**Task prompt:**
Within the entries below, please return exactly the lines from the one with "CAA Micro Roni" through the one with "Notgeld Köln Mühlheim", leaving out any pictures.

--------------------------------

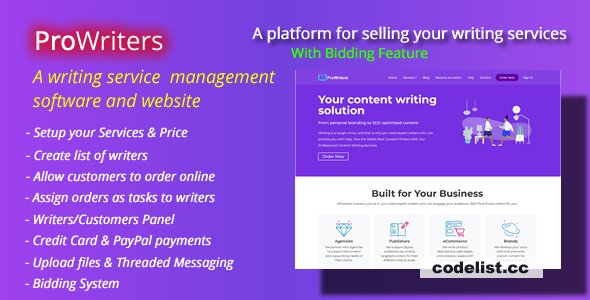 ProWriters v2.1 - Sell writing services online - nulled » Premium Scripts, Plugins & Mobile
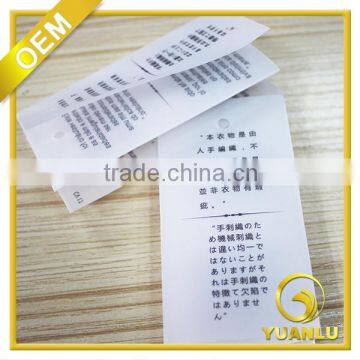 Custom fashionable plastic clothing hang tag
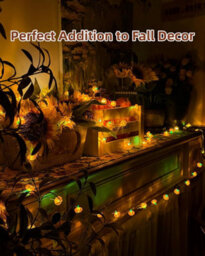 4 Pack 3M 30 Led Twinkling 3D Pumpkin String Lights, Battery Powered Orange Pumpkin Fairy Lights, Holiday Decorative Light Strings - thumbnail 6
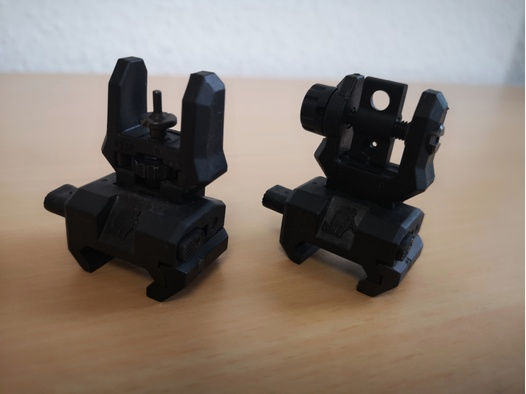 CAA Micro Roni  - Klappvisir  / Notvisier / Kimme und Korn / Low Profile Rear and Front  Flip-Up Sight /Tactical /  Glock 17, 19 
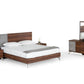 Nova Domus Palermo Modern Italian Faux Concrete and Walnut Bed
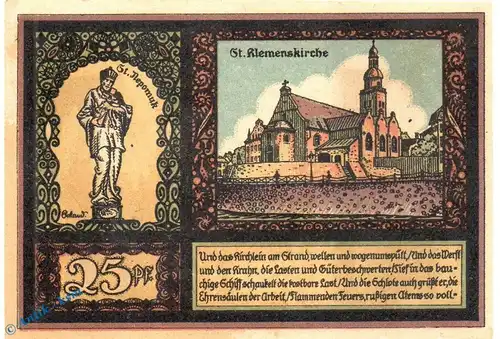 Notgeld Köln Mühlheim , 25 Pfennig Schein in kfr. Bauer , Mehl Grabowski 720.2 , Nordrhein Westfalen Seriennotgeld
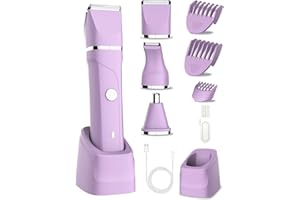 AREYZIN Bikini Trimmer for Women,Painless Electric Shaver for Women,3 in 1 Pubic Hair Trimmer,USB Recharge Dock,Replaceable Ceramic Blade Heads,IPX7,Personal Shaver Kits,Purple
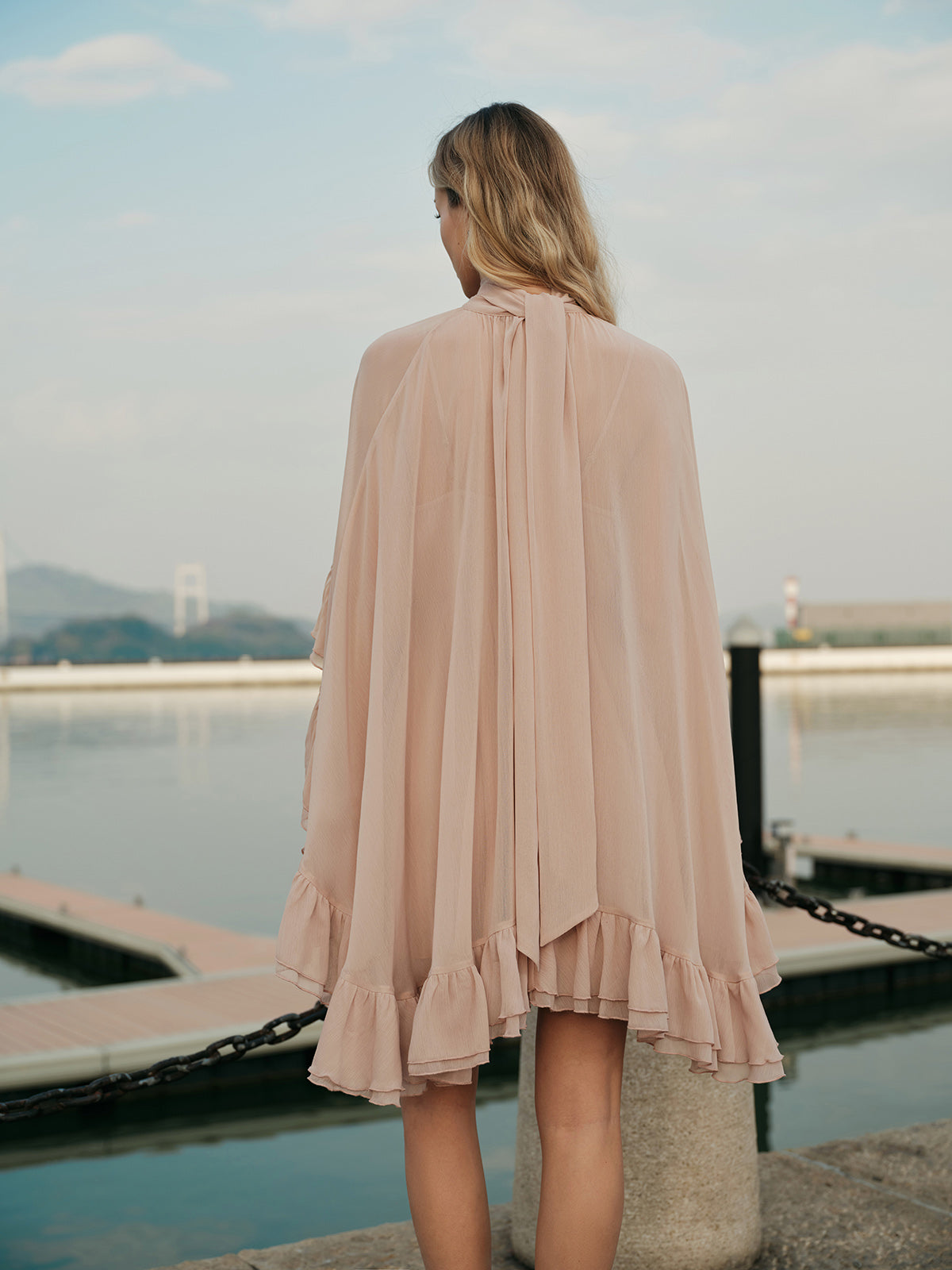 Dress in Chiffon — High Neck Cape Sleeve Mini with Flowy Tiered Ruffles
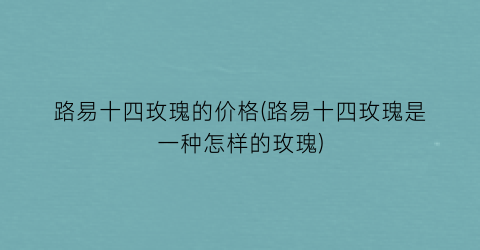 路易十四玫瑰的价格(路易十四玫瑰是一种怎样的玫瑰)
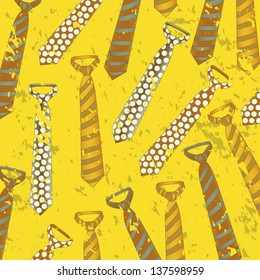 Illustration of pattern ties, men's ties colorful retro, vector illustration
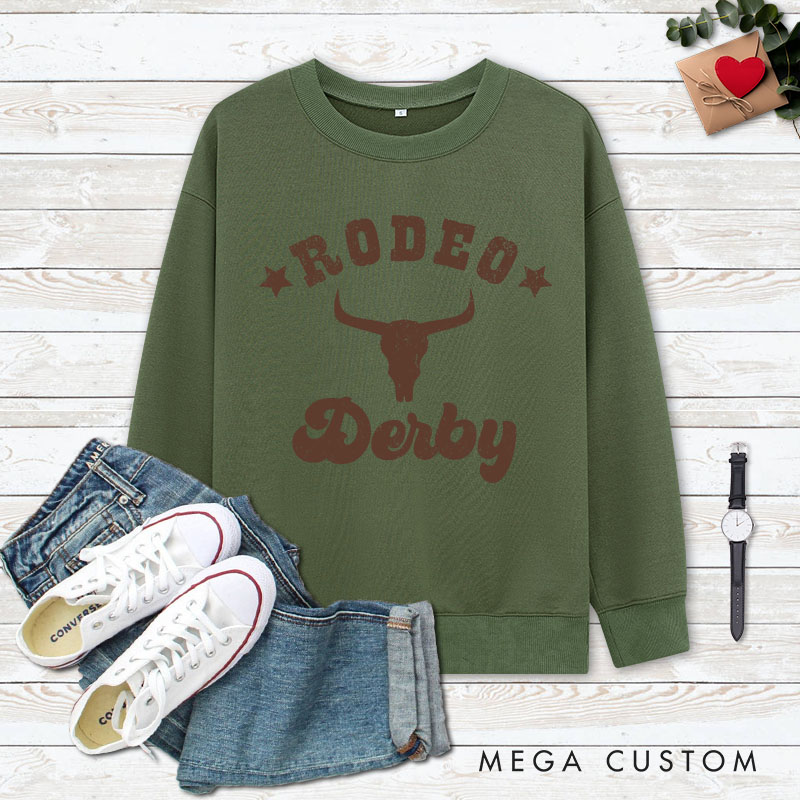 Personalized Couple Rodeo Bull Skull and Cowgirl Boot Matching Sweatshirt Couple Valentine’s Day Sweatshirt for Husband Wife Boyfriend Girlfriend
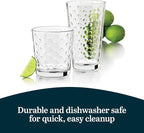 Libbey Awa Tumbler and Rock Glasses Drinking Set, Elegant Polka Dot Drinking Glasses Set of 16, All Purpose Glass Cups Set for Events and Everyday Use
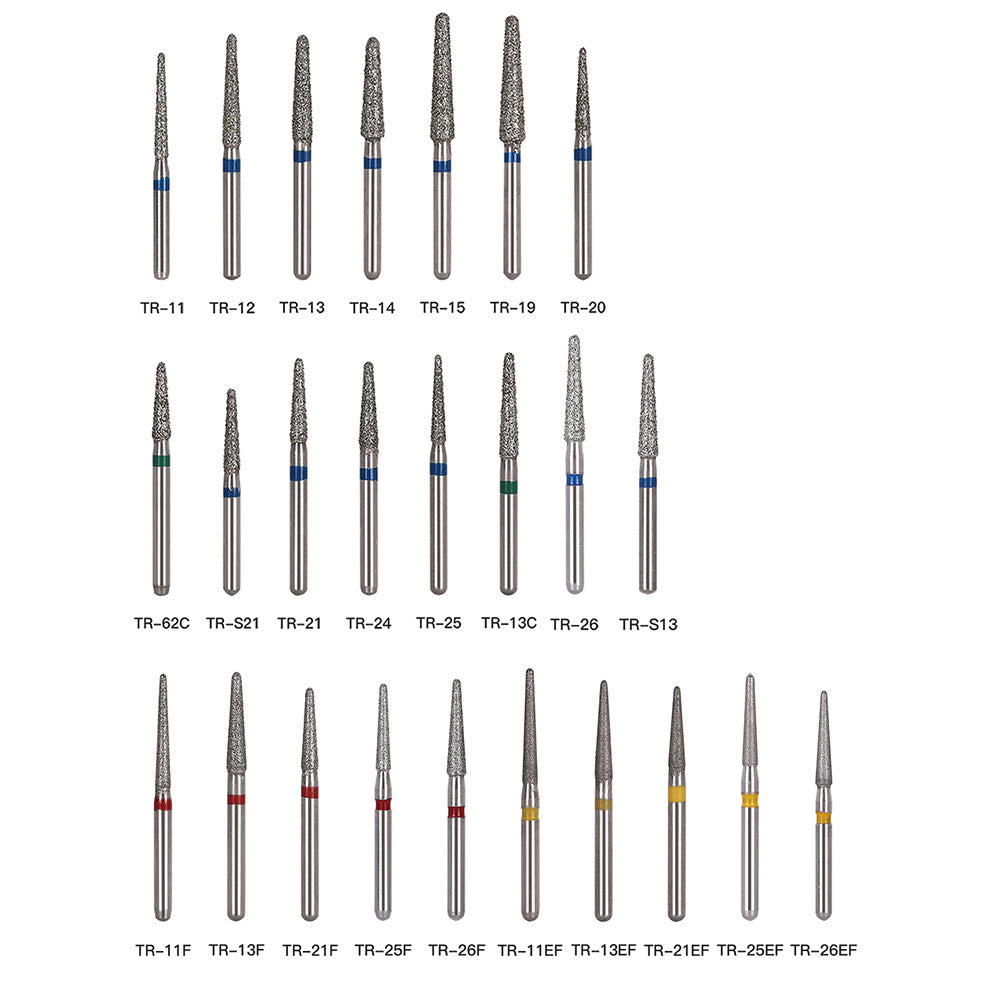 AZDENT Diamond Bur TR Series Full Size Round End Cone 5pcs/Pack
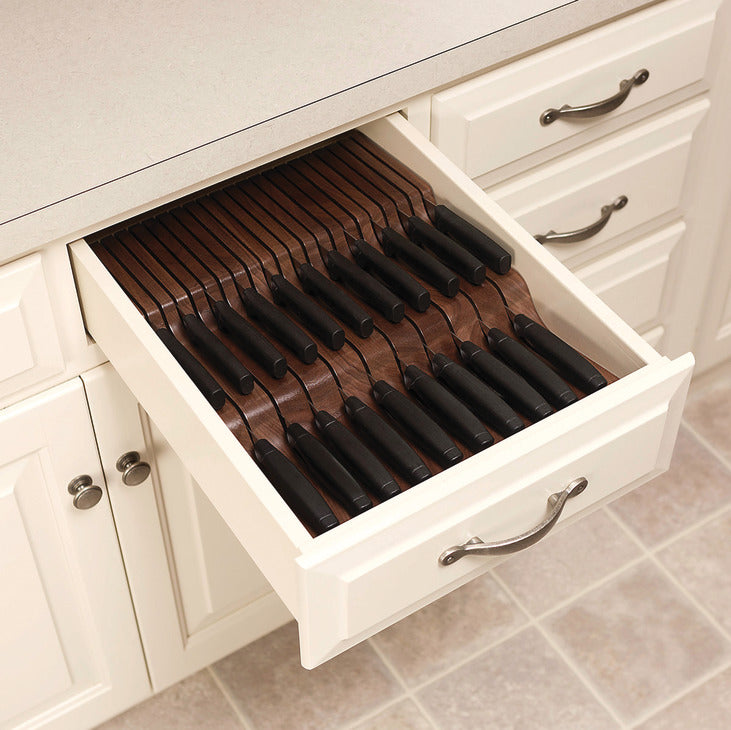 Häfele 550.09.740 Knife Block, Wave, Rivera Collection, 5 7/8" width; walnut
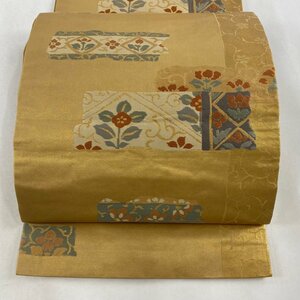 開き名古屋帯 優品 草花 花唐草 箔 金糸 金色 正絹 【中古】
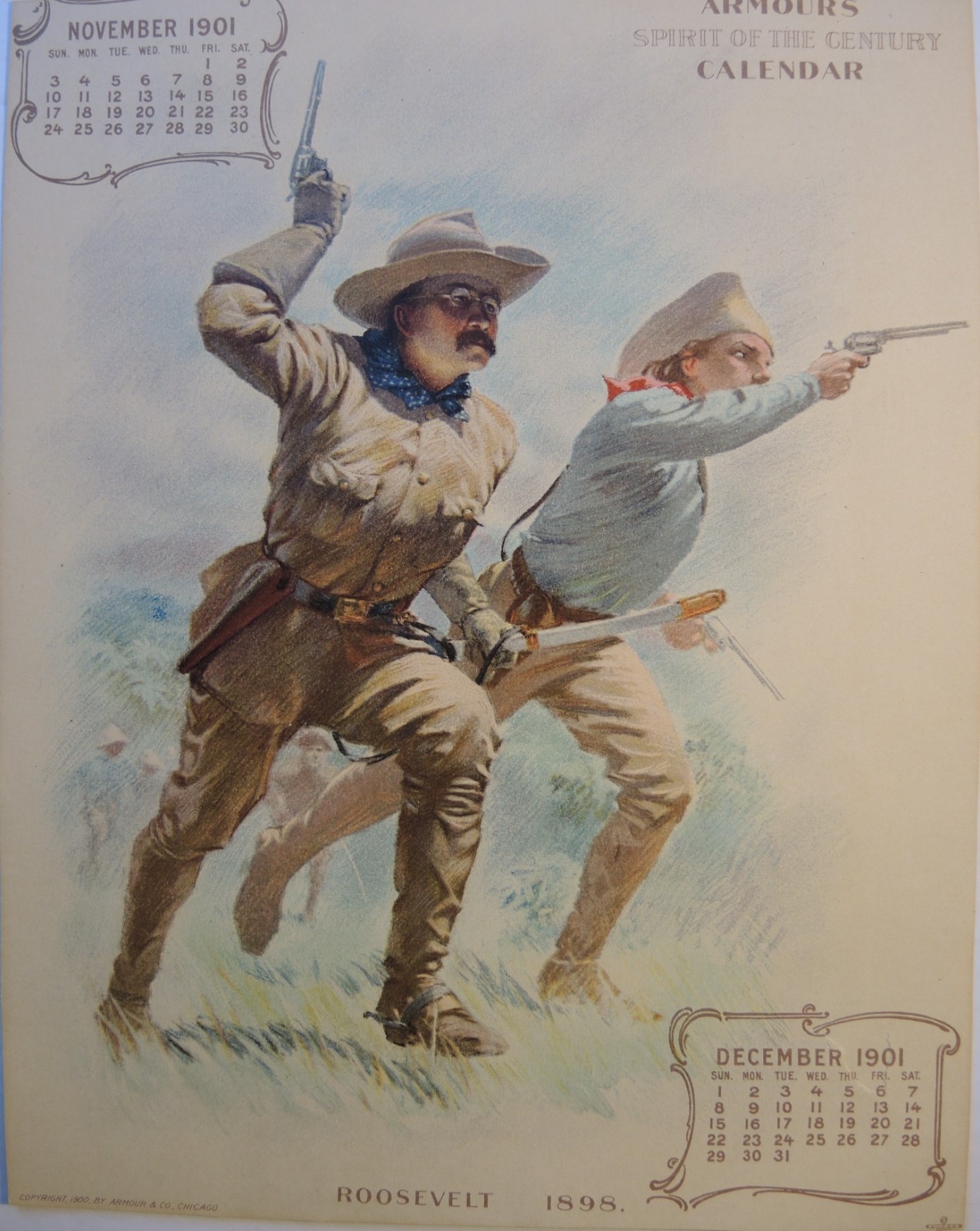 HISTORICAL PRINT TEDDY ROOSEVELT 1900 ARMOUR MEATS CALENDAR ONE OF (6)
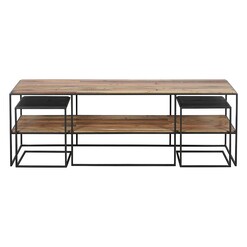 Picture of Kleo Wood Kleo 3-Piece Entertainment Unit and Side Table Set Brown/Black SLH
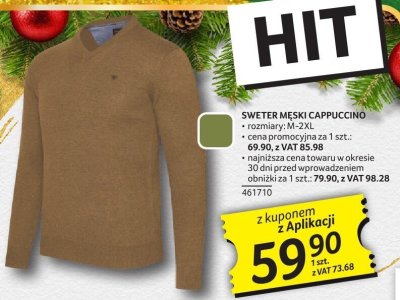 Sweter męski cappuccino promocja w Selgros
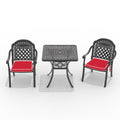 Cushions In Random Colors 3 Piece Set Of Cast Aluminum Patio Furniture With Cushions Yes Dining Set Black Seats 2 Rust Resistant Frame Water Resistant Cushion Garden & Outdoor Complete Patio Sets Aluminium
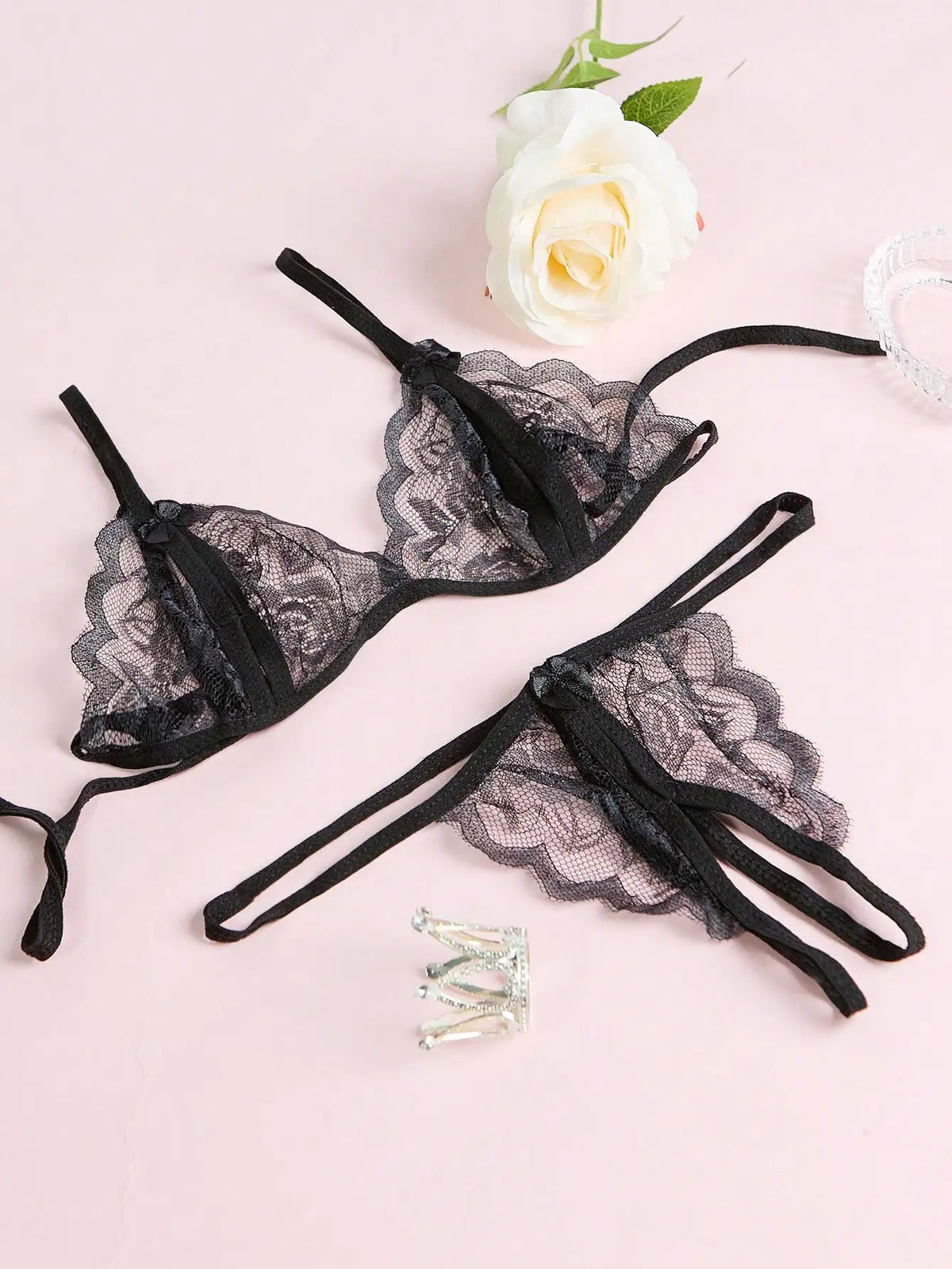 V-Neck Lace Floral Fashion Design Lingerie Set, Couple Date, Halloween, Christmas, Valentine&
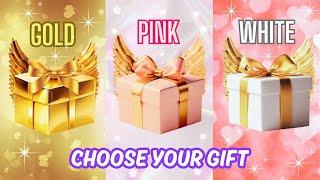 Choose your gift  3 gift box challenge Gold, Pink, White #chooseyourgift #pickonekickone #quiz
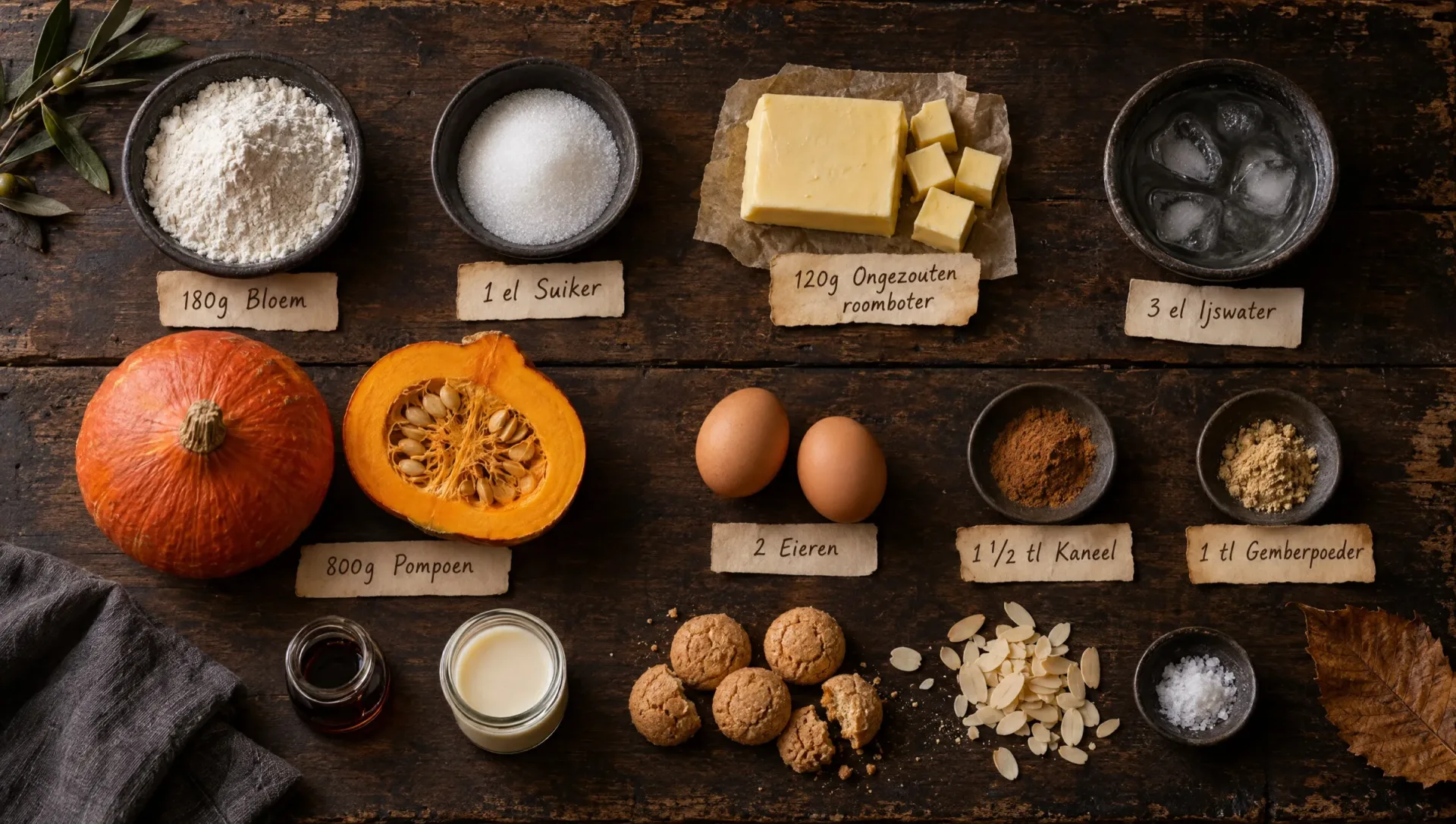 Ingrediënten voor pompoentaart met amaretti: pompoen, bloem, boter, eieren, koffiemelk, amaretti, amandelen en kaneel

--------------------------------

**Exercise result:**
 CAA Micro Roni  - Klappvisir  / Notvisier / Kimme und Korn / Low Profile Rear and Front  Flip-Up Sight /Tactical /  Glock 17, 19 
 Nova Domus Palermo Modern Italian Faux Concrete and Walnut Bed
 Notgeld Köln Mühlheim , 25 Pfennig Schein in kfr. Bauer , Mehl Grabowski 720.2 , Nordrhein Westfalen Seriennotgeld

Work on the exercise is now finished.